A window defines a set of rows on which a function operates. It's specified using the OVER
clause, which can include:
- PARTITION BY: Divides rows into groups (similar to GROUP BY)
- ORDER BY: Determines the order of rows within each partition
- Frame clause: Specifies which rows within the partition to include
Here's the general syntax:
function_name(<arguments>) OVER (
PARTITION BY <columns>
ORDER BY <columns>
<frame_clause>
)
The frame clause can be:
ROWS BETWEEN <start> AND <end>
-- or
RANGE BETWEEN <start> AND <end>
Where <start>
and <end>
can be:
UNBOUNDED PRECEDING
: All rows before the current rown PRECEDING
: n rows before the current rowCURRENT ROW
: The current rown FOLLOWING
: n rows after the current rowUNBOUNDED FOLLOWING
: All rows after the current row
Let's visualize this concept:
Types of Analytical Functions
SQL analytical functions can be broadly categorized into:
- Ranking Functions: Assign ranks to rows within a partition
- Value Functions: Retrieve values from other rows within the window
- Aggregate Window Functions: Perform aggregations within the window
- Distribution Functions: Calculate statistical distributions
Let's explore each category with examples.
Ranking Functions
ROW_NUMBER()
The ROW_NUMBER()
function assigns a unique sequential integer to each row within a partition.
Syntax:
ROW_NUMBER() OVER (
[PARTITION BY column1, column2, ...]
[ORDER BY column1 [ASC|DESC], column2 [ASC|DESC], ...]
)
Example: Assign a sequential number to each employee within their department, ordered by salary:
SELECT
employee_id,
first_name,
department,
salary,
ROW_NUMBER() OVER (
PARTITION BY department
ORDER BY salary DESC
) AS salary_rank
FROM employees;
Result:
employee_id | first_name | department | salary | salary_rank |
---|---|---|---|---|
103 | Alexander | IT | 90000 | 1 |
107 | Diana | IT | 85000 | 2 |
105 | Bruce | IT | 75000 | 3 |
102 | Barbara | HR | 82000 | 1 |
106 | Clark | HR | 72000 | 2 |
104 | Donna | HR | 65000 | 3 |
101 | Arthur | Sales | 95000 | 1 |
108 | Edward | Sales | 78000 | 2 |
RANK() and DENSE_RANK()
These functions assign ranks to rows within a partition, with RANK()

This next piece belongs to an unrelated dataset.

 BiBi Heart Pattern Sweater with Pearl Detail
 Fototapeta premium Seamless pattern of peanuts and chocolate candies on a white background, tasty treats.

leaving gaps for ties and DENSE_RANK()
leaving no gaps.
Syntax:
RANK() OVER (
[PARTITION BY column1, column2, ...]
ORDER BY column1 [ASC|DESC], column2 [ASC|DESC], ...
)
DENSE_RANK() OVER (
[PARTITION BY column1, column2, ...]
ORDER BY column1 [ASC|DESC], column2 [ASC|DESC], ...
)
Example: Rank employees within departments based on salary:
SELECT
employee_id,
first_name,
department,
salary,
RANK() OVER (
PARTITION BY department
ORDER BY salary DESC
) AS salary_rank,
DENSE_RANK() OVER (
PARTITION BY department
ORDER BY salary DESC
) AS dense_salary_rank
FROM employees;
Result:
employee_id | first_name | department | salary | salary_rank | dense_salary_rank |
---|---|---|---|---|---|
103 | Alexander | IT | 90000 | 1 | 1 |
107 | Diana | IT | 85000 | 2 | 2 |
109 | Fiona | IT | 85000 | 2 | 2 |
105 | Bruce | IT | 75000 | 4 | 3 |
102 | Barbara | HR | 82000 | 1 | 1 |
106 | Clark | HR | 72000 | 2 | 2 |
104 | Donna | HR | 65000 | 3 | 3 |
101 | Arthur | Sales | 95000 | 1 | 1 |
108 | Edward | Sales | 78000 | 2 | 2 |
Notice how for the IT department, both Diana and Fiona have the same salary. With RANK()
, they both get rank 2, but the next rank is 4 (skipping 3). With DENSE_RANK()
, they both get rank 2, and the next rank is 3 (no gap).
NTILE(n)
The NTILE(n)
function divides the rows in a partition into n
approximately equal groups and assigns a group number.
Syntax:
NTILE(n) OVER (
[PARTITION BY column1, column2, ...]
ORDER BY column1 [ASC|DESC], column2 [ASC|DESC], ...
)
Example: Divide employees in each department into 3 salary bands:
SELECT
employee_id,
first_name,
department,
salary,
NTILE(3) OVER (
PARTITION BY department
ORDER BY salary DESC
) AS salary_band
FROM employees;
Result:
employee_id | first_name | department | salary | salary_band |
---|---|---|---|---|
103 | Alexander | IT | 90000 | 1 |
107 | Diana | IT | 85000 | 1 |
109 | Fiona | IT | 85000 | 2 |
105 | Bruce | IT | 75000 | 2 |
111 | Henry | IT | 70000 | 3 |
102 | Barbara | HR | 82000 | 1 |
106 | Clark | HR | 72000 | 2 |
104 | Donna | HR | 65000 | 3 |
Value Functions
LAG() and LEAD()
These functions access data from a previous row (LAG()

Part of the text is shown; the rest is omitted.